As Munilall explains this called for the introduction of a hybrid device, which is what the company has in the MateBook.

The high-end 2-in-1 Windows device, which takes the form of a tablet, was officially launched at the Mobile World Congress 2016 in Barcelona in February. The company is hoping to launch the device in South Africa in June.

"So we will be competing with the likes of Lenovo and the likes of Microsoft in this space. It is completely new for us but it is a natural progression in terms of where our history is and where we are going from a consumer perspective," Munilall continues.

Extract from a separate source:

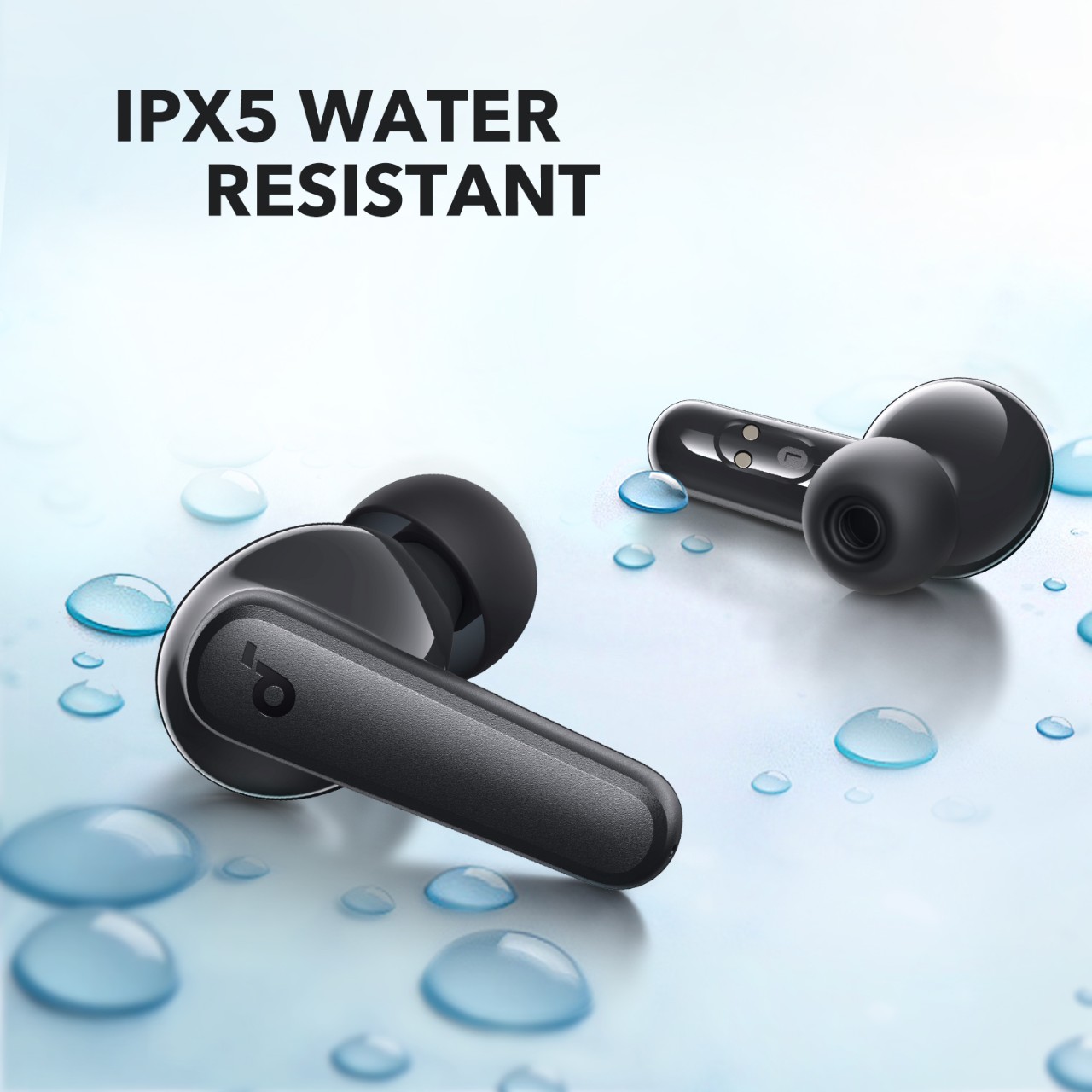 Soundcore P25i True Wireless Earbuds, 30H Playtime, IPX5, Black photo 8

From a product point of view, Huawei's consumer division points out that the company's Y-Series devices are targeted at the youth, that pure business solutions – like its Mate Series - delivered primarily for this market are 'workhorses' and not generally meant to be 'sexy' or fashionable.

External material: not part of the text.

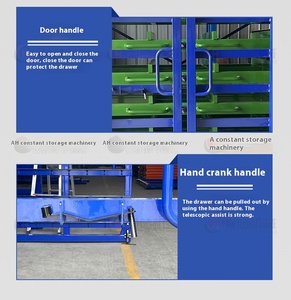 Factory Direct Three-Dimensional Intelligent Shelf Laser Cutting <strong>Machine</strong> Double Tower Automatic <strong>Loading</strong> <strong>Unloading</strong> for Assembly - Product Image 6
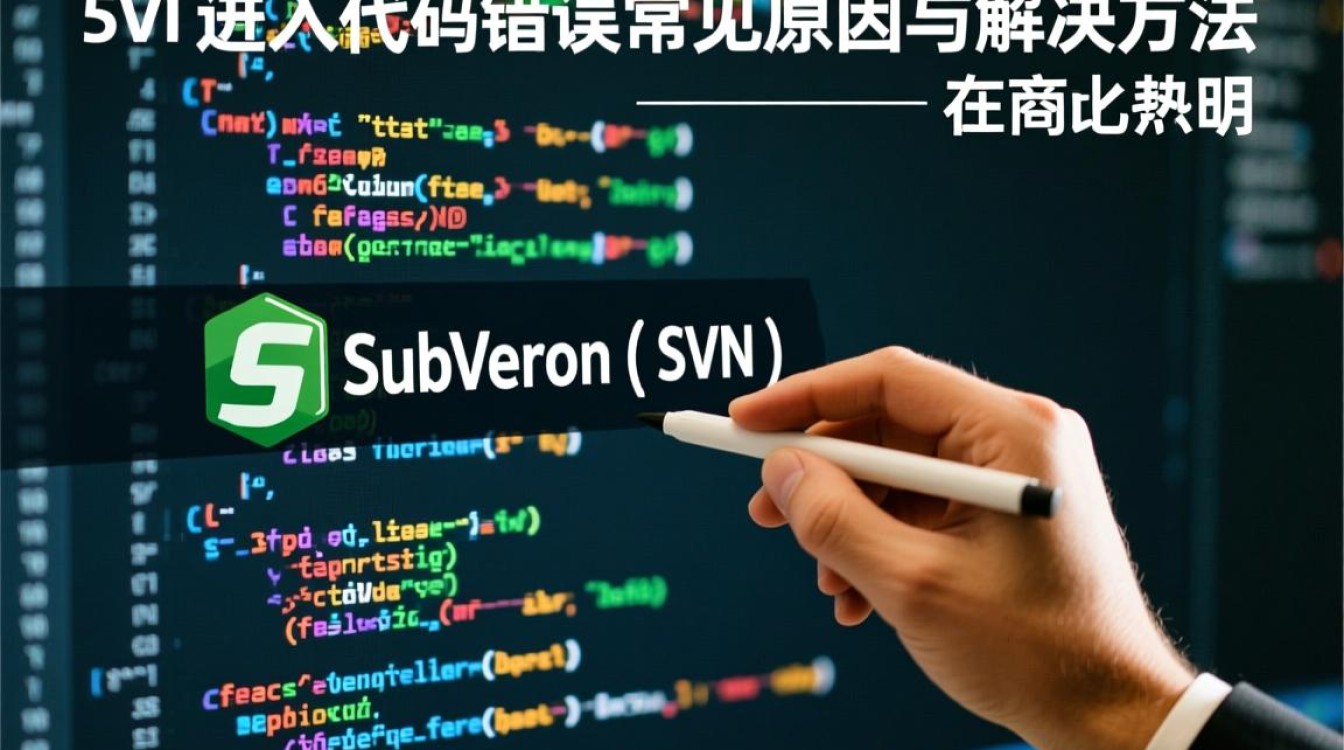 svn导入代码报错，如何解决常见错误与步骤详解？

This strategy is designed to alter perception of the brand as being exclusive to high-end business/ corporate market segment.

Into Africa

Africa is a big focus for Huawei. It is the continent in which the company has the lowest level of penetration and, as such, represents the biggest opportunity area.

The company has set up regional offices in Kenya, Nigeria and DRC, with its established head office in South Africa, to cover all the relevant hubs.

The overall plan is to set up infrastructure on the ground, with staff, support and service centres, in order to engage markets directly. According to Munilall this is a must to adhere to local consumer requirements and secure customer buy-in.

The difference between the South African and African markets is evident in the company's respective market shares. In Africa, this figure is on average three to five percent higher than that of South Africa.

"South Africa is a very structured market dominated by operators. So, if you do not basically get your product raised through the operator and sold through the operator, your market share will be low. The other African countries are open market...so you can sell regionally in a small area and you can cover the area completely... so open market allows us to grow our market share a lot faster than in South Africa," Munillal says.

Other challenges impacting on business has been the exchange rate (with massive impacts in regions like Nigeria), the cost of support for distributors with this issue, as well as the emergence of competitors in the low end.

These operators are coming in at a very low price point and take up more market share in this space, says Munilall, and she also mentions aspects such as local brand loyalty and the offer of extensive credit terms, which all form part of the business culture within specific regions in Africa.

Despite the challenges, the Consumer Business Group aims to climb global rankings and secure top positions as soon as possible and believes it is on track to reach its objectives.